Investigating Privilege and Racism in Writing by White People
Guest Author: Ryland Swain
In a workshop during a MFA residency at WV Wesleyan, a strong and brilliant woman of color challenged me with “your protagonist is skating on her white privilege.” Indeed, I am white and had presented a draft of a story set in Georgia, the place of my birth and upbringing, a story involving a black woman house cleaner who was accused of stealing money. The white (privileged) daughter worked to clear the woman’s name.
The challenge I received in the workshop affected me deeply, at first in a painful way. How could this be? I was a social worker, a progressive, and had all (supposedly) the right beliefs about race in America. I decided to do intensive reading on racism and the Africanist presence in literature. I gained, and am still working on, a new level of consideration and understanding of racism and my own unacknowledged white privilege.
Toni Morrison brought a totally new world of understanding to me in her seminal book, Playing in the Dark: Whiteness and the Literary Imagination. Morrison points out there is an abiding, but largely unrecognized, Africanist presence in American literature.
Morrison lays down these propositions: “In the beginning, meaning was assigned to the color of skin,” and “…a black population (was) forced to serve as freedom’s polar opposite….” She illustrates these propositions with Mark’s Twain’s Huckleberry Finn and Willa Cather’s Sapphira and the Slave Girl. I had always wondered why, at the end of the story, Twain had to leave Jim enslaved instead of setting him free. Morrison explains, in line with her thesis, that neither Twain nor any of his characters could imagine freedom for Jim because it would destroy the white people’s freedom. “The ways in which artists—and the society that bred them—transferred internal conflicts to a “blank darkness,” to conveniently bound and violently silenced black bodies, is a major theme in American literature.” Morrison contends that Sapphira, the slave owner, “…can and does, remain outside the normal requirements of adult womanhood because of the infantilized Africanist population at her disposal.”

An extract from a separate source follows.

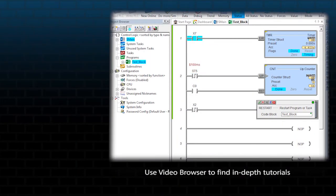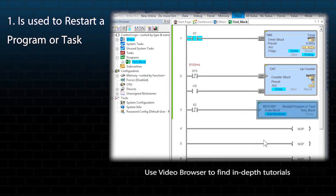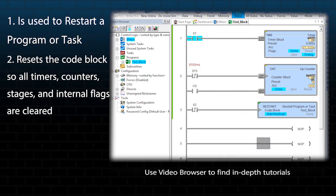This instruction is used to restart a program or task. The purpose of the restart would be to reset the code block so that all the timers, stages, counters, and internal flags are cleared.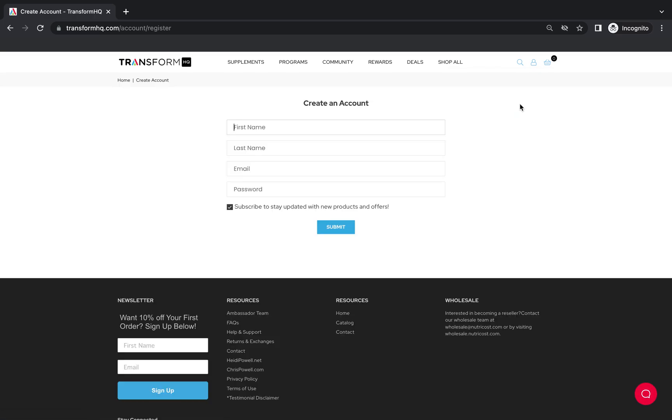Even though you already had an account previously, you still want to create your account again using the exact same credentials you used before.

Morrison wants “…a serious intellectual effort to see what racial ideology does to the mind, imagination, and behavior of masters.” Robin DiAngelo’s White Fragility: Why It’s So Hard for White People to Talk about Racism offers the type of analysis Morrison called for. The original moral equation at the time of the founding of America was an ideal of equality, but a side bar of inequality to justify slavery. White people think racism makes them bad, so they deny it. However, white privilege is a reality for those with white skin, however unconscious that might be. I have more freedoms because of my white skin, I have a greater presumption of innocence until proven guilty, a greater sense of “belonging.” Whites have more power and control in society. It’s shocking to contemplate what has been wrought in our world and our culture because of this mistake, this corrosive travesty of thought.
In Between the World and Me, a memoir of his dealings with racial issues, Ta-Nehisi Coates speaks of “people who believe they are white.” Such are we who have founded our identity on the color of our skin. Knowledge that “whiteness” is a belief system with far-reaching and destructive consequences can empower the on-going struggle for equality and justice.
Needless to say, this is hard for “people who believe they are white” to do as long as the shadow of violence is projected onto people with darker skin. It remains of great interest that as the number of white male “shooters” increases, terror is claimed to be the work of brown people and people of non-Christian religions while there is silence on the white violence.
Angela Pelster Wiebe wrote, “I’ve learned that to feel the emotions of defensiveness rise up within me is to wake to the violence of my absorbed white supremacy…white artists often fail at this work because they haven’t centered themselves within the violence of their own whiteness.”
To struggle with my white privilege offers a path to wholeness by incorporating the “shadow,” a term used by Carl Jung, the Swiss psychologist. Jung had a deep interest in the shadow—its form and content—and in the process of assimilating “the thing a person has no wish to be.” Becoming familiar with the shadow is an essential part of a therapeutic relationship, of individuation, and of becoming more rounded, more whole and more colorful (yes, colorful.)
My novel-in-progress, tentatively titled Nothing Ever Happens Here, has white characters and people of color in modern-day Atlanta struggling over efforts to suppress the black vote. I hope to portray these folks as real and present with no invisibility for either in both heroic aspects and warts. Each iteration of this narrative reflects my own personal attitude adjustments and advances in understanding. Will it be perfect? Will I avoid criticism for my portrayals? I don’t think so, but I am unrelenting in listening to critiques and furthering my understandings of this profound and complex issue in our culture.